Millennium Music
February 25, 2020

Documentary

44 minutes/DVCAM/DigiBeta

Produced and directed Anna Tchernakova

© GB Productions 2002

distributed by GB Productions

PO Box 6353 Leics. LE7 9YH England

Synopsis

A documentary about a joint musical endeavour of a small village in the Midlands and internationally acclaimed British composer Gavin Bryars.  Three years ago the inhabitants of a small village, where Gavin Bryars lives, asked if he would agree to compose a piece of music which could be performed together by people of all ages and all abilities  – farmers, workers, children, retired folks – in the village hall on the Millennium Eve. The documentary, comprising footage shot over three years, shows what happened next and how the music project transformed the life of the village – a fascinating story about ordinary people united in an extraordinary communal creative effort.

 

Gavin’s Notes:

Billesdon Millennium Music

The film itself tells the story so I will add a brief note as introduction.

In the Autumn of 1998, I had been approached by someone in the village, Fiona White, about the possibility of me composing a piece of music for the millennium evening, December 31st, 1999. There was a meeting arranged in the village hall to explore the possibilities, for anyone to attend who might want to take part in this piece. I explained how I generally worked and tried to get a sense as to who might want to be involved. I devised a simple questionnaire that asked about their musical experience – what kind of music they played, what was their instrument or voice, whether they’d taken any music exams, whether they could sight read and so on.
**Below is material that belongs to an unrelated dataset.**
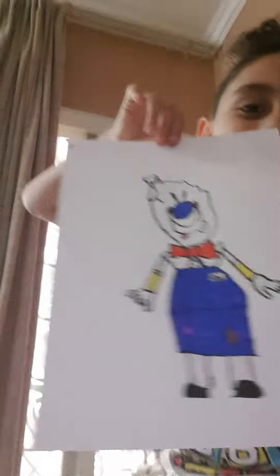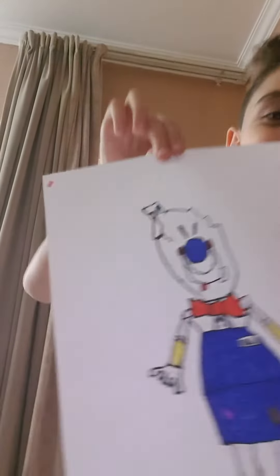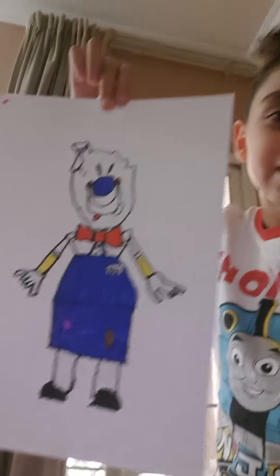Hey guys, it's Yusuf, welcome back to my channel! In the last video you saw how to draw a rod. I hope you guys are becoming good artists, because I just did one and my family loved it so much. See it — three, two, one — here it is! Look how good it is, my family loves it so much.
The resulting ensemble was much larger and more diverse than I could have imagined. Anya’s first visit to Billesdon coincided with that first meeting and she had the idea to film it, so I borrowed a professional camera from a film producer friend, which Anya was able to use.

For most of the following year I was travelling back and forth between Billesdon and Victoria BC. I wrote the music, based on information I had about those who would be involved, and alongside many other musical projects that I was doing during that time. I would send stuff over from Canada and meet people from the village whenever I was in Billesdon. But it was quite late in the day when I was actually able to produce a real score and set of parts. The ensemble was actually quite big: I had twelve singers – a mixture of the church choir and others from the village; there were four cellos, one violin, three trombones, two saxophones, flute, oboe, drum kit, three electric guitars, two electric keyboards, a set of six players playing hand bells (used for the church bell-ringers to practice). For the text I did a setting of the Caedmon Creation Hymn, in a mixture of Latin and old Anglo-Saxon, part of which I had used in Cadman Requiem over ten years before.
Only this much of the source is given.